Olympia – 11

16.02.2026

Fabio Gstrein war es vorbehalten, die "Ehre" der alpinen Herren-Mannschaft zu retten; dennoch ist zu konstatieren, dass die "Herren der Schöpfung" bei diesen olympischen Spielen nicht wirklich viel zustande gebracht haben; die "Silberne" von Gstrein ist, neben dem sportlich wertlosen zweiten Rang im Teambewerb, die einzige Ausbeute bei 5 Rennen; gleichsam ein Versagen auf allen Ebenen; der Frust ist groß, die Ernüchterung noch größer.
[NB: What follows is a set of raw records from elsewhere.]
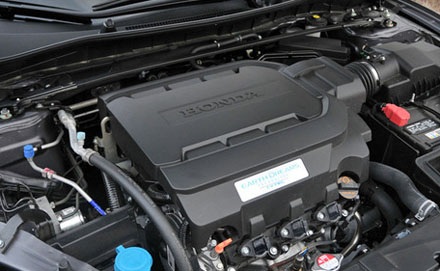 Mười động cơ của năm 2014 - 8 Động cơ cung cấp cho chiếc Chevrolet công suất 455 mã lực,
momen xoắn cực đại 624 Nm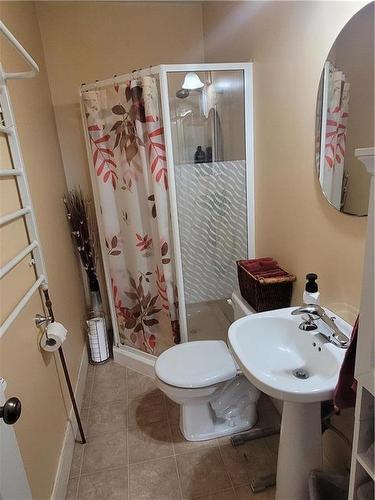 Swan River, Manitoba - Indoor Photo Showing Bathroom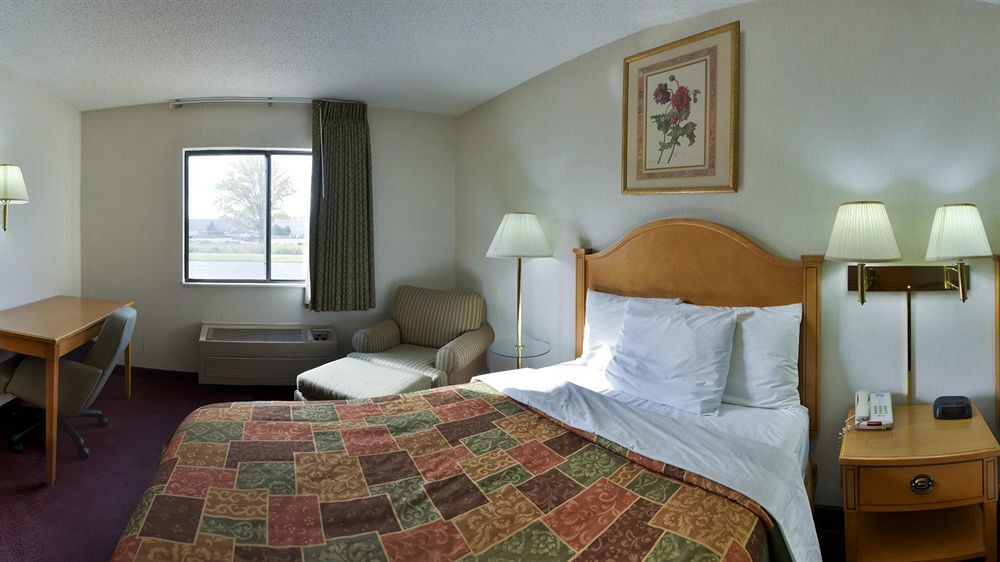 Rodeway Inn Coopersville Dış mekan fotoğraf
Die ÖSV-Verantwortlichen, allen voran Christian Mitter & Marco Pfeifer, halten die von ihnen zu verantwortende Bankrotterklärung in Händen; aber auch die Tage der ÖSV-Präsidentin müssten eigentlich gezählt sein; seit Roswitha Stadlober an der Spitze des ÖSV "herumtanzt", sind die heimischen Athleten nicht mehr konkurrenzfähig; es gibt keine "brauchbaren" Nachwuchsläufer, der "erste Anzug" ist in die Jahre gekommen und längst am absteigenden Ast; man hat die Entwicklung beim ÖSV völlig verschlafen und reibt sich verwundert die Augen und scheint nicht zu wissen, warum man in keiner einzigen Disziplin reüssiert; vor dem Hintergrund des finanziellen und personellen Aufwandes, den der ÖSV betreibt, sind die schlechten Resultate noch weniger verständlich; es hat den Anschein, als wären hier nur noch Dilettanten am Werk.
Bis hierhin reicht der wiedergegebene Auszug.